There are conflicting accounts of what he did last week when he met Cardinal Bernard Law, accused of covering up pedophile scandals in Boston; he may or may not have told him to withdraw from his position in St. Mary Major.

On what is legal for the rest of the world, we can hardly expect any change; no to legal abortion, no to gay sex between consenting adults (and probably straight sex between unmarried consenting adults), no to married priests. Cardinal Bergoglio was a conservative, Pope Francis is not going to change in 4 days nor in 400 and probably not in 4,000.

But he will certainly work to reclaim Latin America from the evangelical Christians and secularisation and has already begun the job just by being elected.

The biggest question mark is on how he will deal with the Vatican’s administration – its banking and the Curia. This is a civil service that has had 1,500 years of experience (actually more like 2,500 as they are the heirs of the Roman Empire and Republican administration). They make Sir Humphrey Appleby look like a parvenu and many a would-be reforming pope has ended up being able to do little or nothing or being consumed by curial politics like Francis’s predecessor.

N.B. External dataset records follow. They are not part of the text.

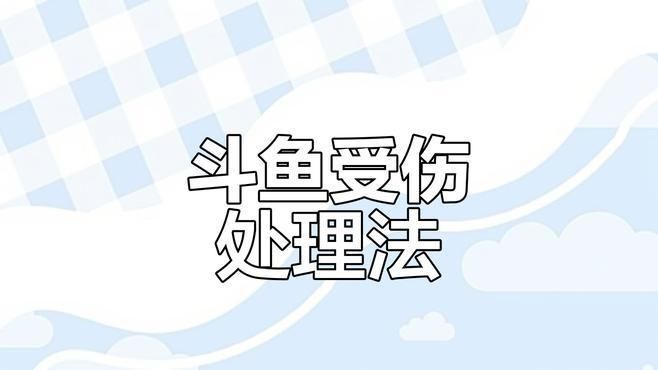 魚外傷有哪些常見治療方法，觀賞魚外傷的治療方法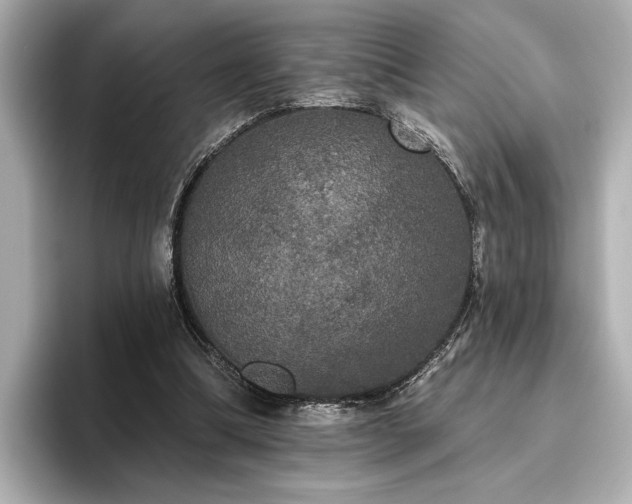 X0000096490298200801241510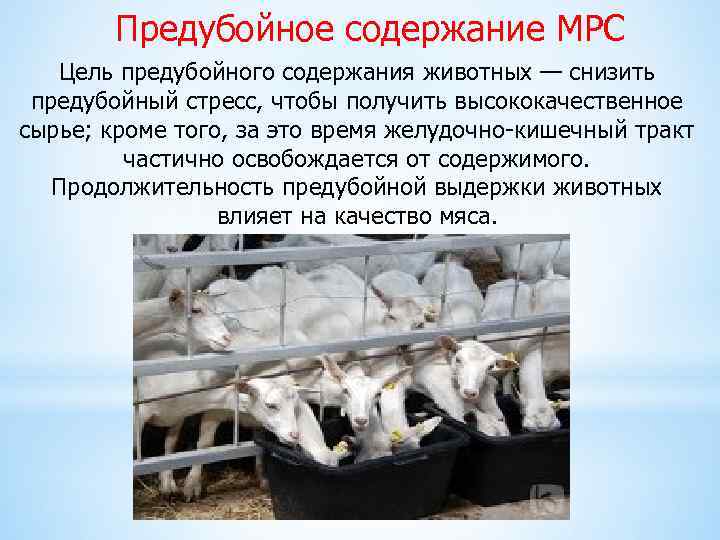Предубойное содержание МРС Цель предубойного содержания животных — снизить предубойный стресс, чтобы получить высококачественное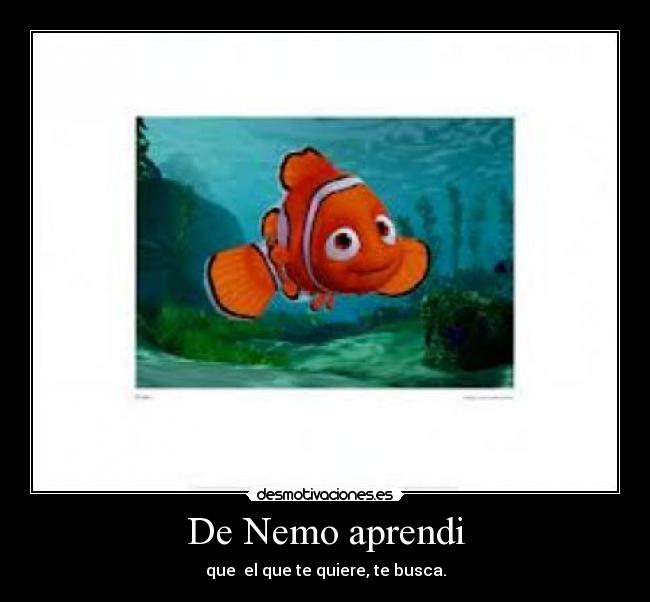 De Nemo aprendi - 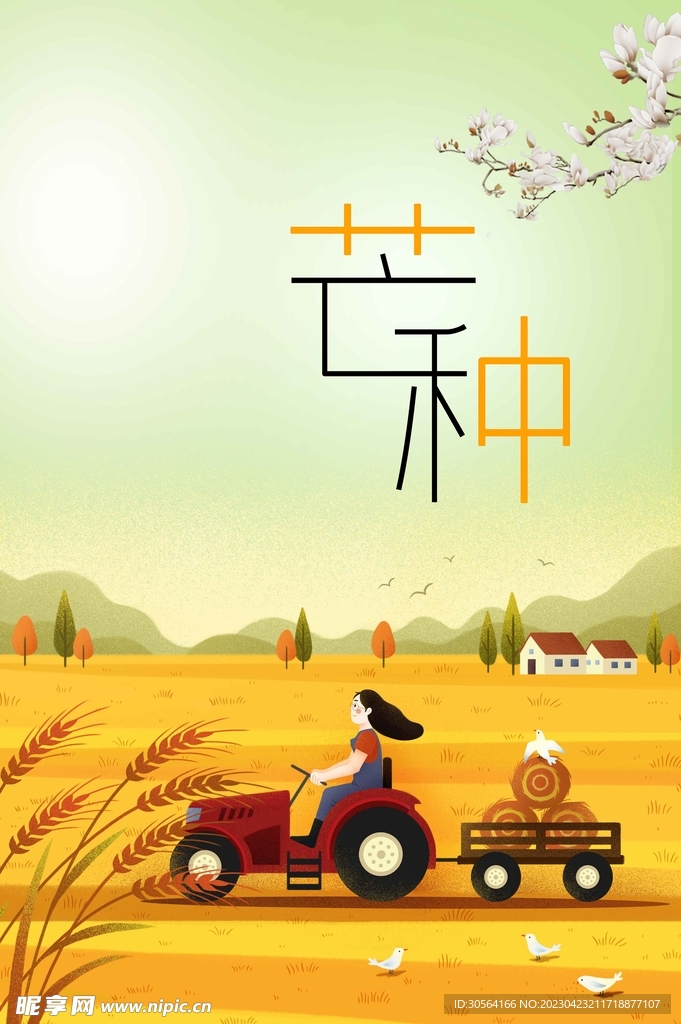 芒种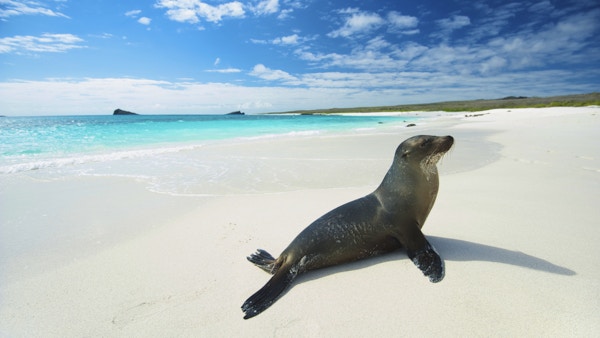 Sjøløve som soler seg på en hvit strand med turkis av i Gardner Bay, Espanola Island, Galapagos
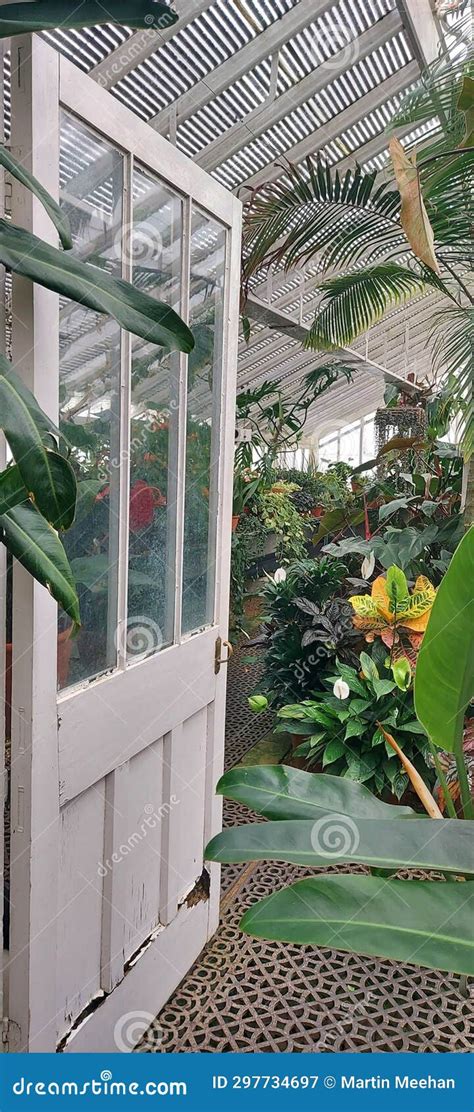 Interior of a Large Victorian Greenhouse. Stock Image - Image of interior, glasshouse: 297734697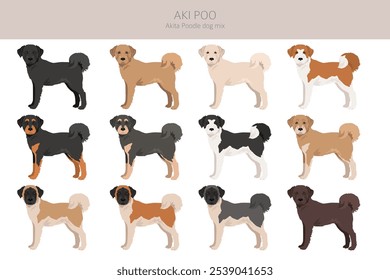 Akita Poodle-Mix. Aki Poo clipart. Verschiedene Fellfarben eingestellt.  Vektorgrafik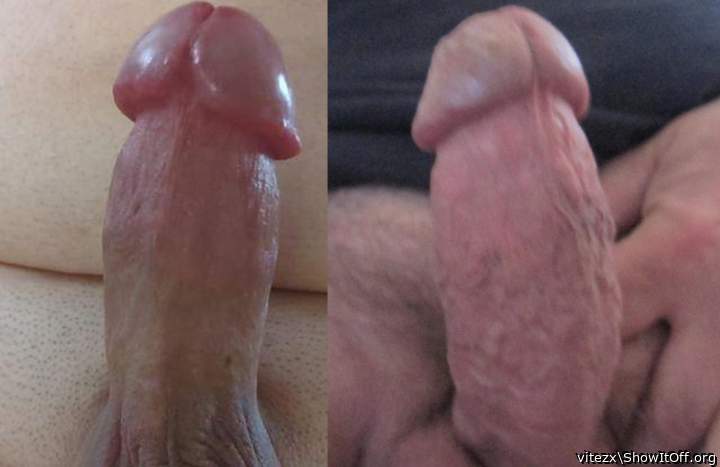 Whose dick is stronger and thicker? minosupples-left or vitezx-right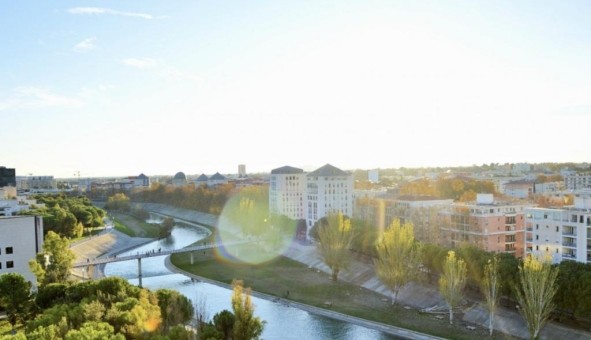 Logement tudiant Duplex à Montpellier (34080)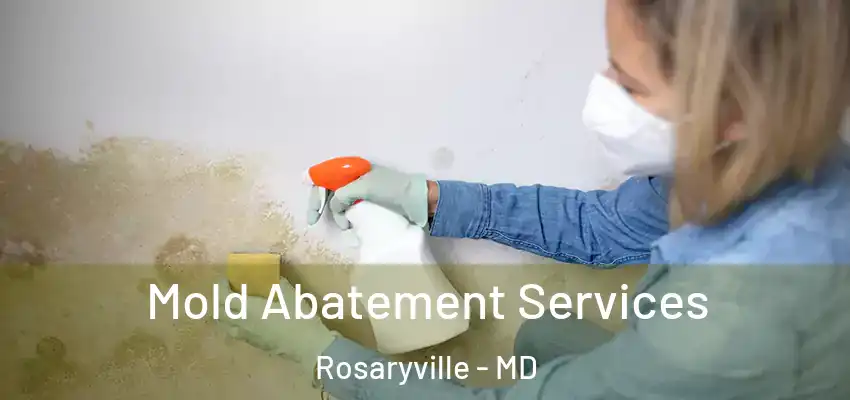 Mold Abatement Services Rosaryville - MD
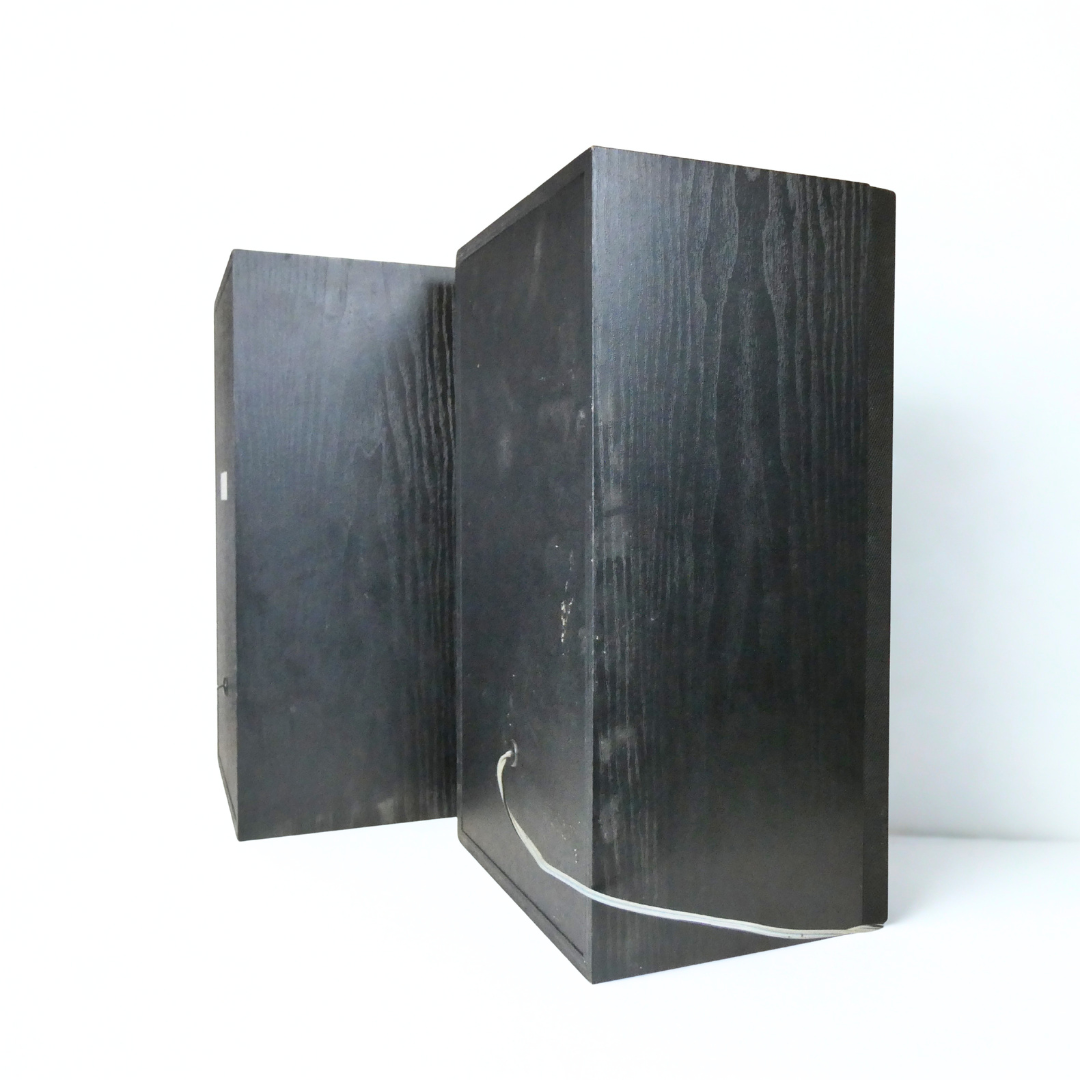 Enceintes Sony SS-A 301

Vatican legend has it that John Paul I was removed by a spiked tisane – Il Fatto Quotidiano’s satirical supplement yesterday listed Francis’s positive features and concluded that the tisane had already been brewed. Whether it’s an infusion or just political poison, Francis will need all his own political skills to do what he wants to do.

1 comment:

italpolblog said...

I asked a classics colleague and expert of Vatican matters, Paul Gwynne, what the Latin for Malouines or Malvinas would be and he came up with the answer (my first blog post in Latin!):

The official Vatican stance is as follows:

Appellantur vulgo Malouines eo quod nautae Galli ex urbe Saint-Malo eas lustrare consueverant. Nomen Malo Latine sic redditur: Maclovius, ii; re quidem vera urbs illa ex usu Curiae Romanae (urbs) Sancti Maclovii nuncupatur; incolae vero Gallice audiunt: Malouins (m.) et Malouines (f.); merito ergo eae Insulae Latine Maclovienses dicuntur.
Caroli Egger, Lexicon Nominum Locorum (Officina Libraria Vaticana: 1977), p. 193.

So, there you have it: Insulae Maclovienses, f.